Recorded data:
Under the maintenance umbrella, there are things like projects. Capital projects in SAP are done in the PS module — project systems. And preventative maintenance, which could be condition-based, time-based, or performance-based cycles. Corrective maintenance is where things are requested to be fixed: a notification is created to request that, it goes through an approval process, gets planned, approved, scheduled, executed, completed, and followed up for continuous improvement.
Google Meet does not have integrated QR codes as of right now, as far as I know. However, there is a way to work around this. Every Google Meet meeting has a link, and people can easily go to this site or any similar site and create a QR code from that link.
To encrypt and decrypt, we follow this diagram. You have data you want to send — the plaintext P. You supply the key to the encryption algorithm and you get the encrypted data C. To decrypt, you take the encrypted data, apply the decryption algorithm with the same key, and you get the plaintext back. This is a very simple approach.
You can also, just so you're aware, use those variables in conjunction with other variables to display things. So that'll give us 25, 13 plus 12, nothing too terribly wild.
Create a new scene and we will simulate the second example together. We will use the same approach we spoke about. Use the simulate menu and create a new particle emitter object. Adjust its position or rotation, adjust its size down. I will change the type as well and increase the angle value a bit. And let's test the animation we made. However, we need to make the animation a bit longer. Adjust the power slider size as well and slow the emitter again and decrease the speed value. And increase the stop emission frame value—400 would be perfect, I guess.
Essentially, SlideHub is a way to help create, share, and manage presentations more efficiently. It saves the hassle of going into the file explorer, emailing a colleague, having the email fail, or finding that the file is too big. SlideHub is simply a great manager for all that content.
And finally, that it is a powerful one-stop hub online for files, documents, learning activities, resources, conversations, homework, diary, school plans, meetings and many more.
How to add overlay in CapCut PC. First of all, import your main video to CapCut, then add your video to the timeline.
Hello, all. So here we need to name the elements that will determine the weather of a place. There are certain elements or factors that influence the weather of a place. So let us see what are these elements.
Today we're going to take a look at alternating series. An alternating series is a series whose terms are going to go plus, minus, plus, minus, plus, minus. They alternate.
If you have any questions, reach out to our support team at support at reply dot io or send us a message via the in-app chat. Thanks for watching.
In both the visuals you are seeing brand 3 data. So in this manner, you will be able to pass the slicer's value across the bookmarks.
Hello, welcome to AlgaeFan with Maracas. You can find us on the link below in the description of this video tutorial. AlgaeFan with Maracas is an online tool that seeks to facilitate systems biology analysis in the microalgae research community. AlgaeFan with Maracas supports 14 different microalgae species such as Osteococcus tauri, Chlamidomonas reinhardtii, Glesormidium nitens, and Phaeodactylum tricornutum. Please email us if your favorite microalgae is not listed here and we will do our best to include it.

#### Task
For the entries above, please state how many lines contain the string "take"; give the number and nothing else.

#### Result of the exercise
2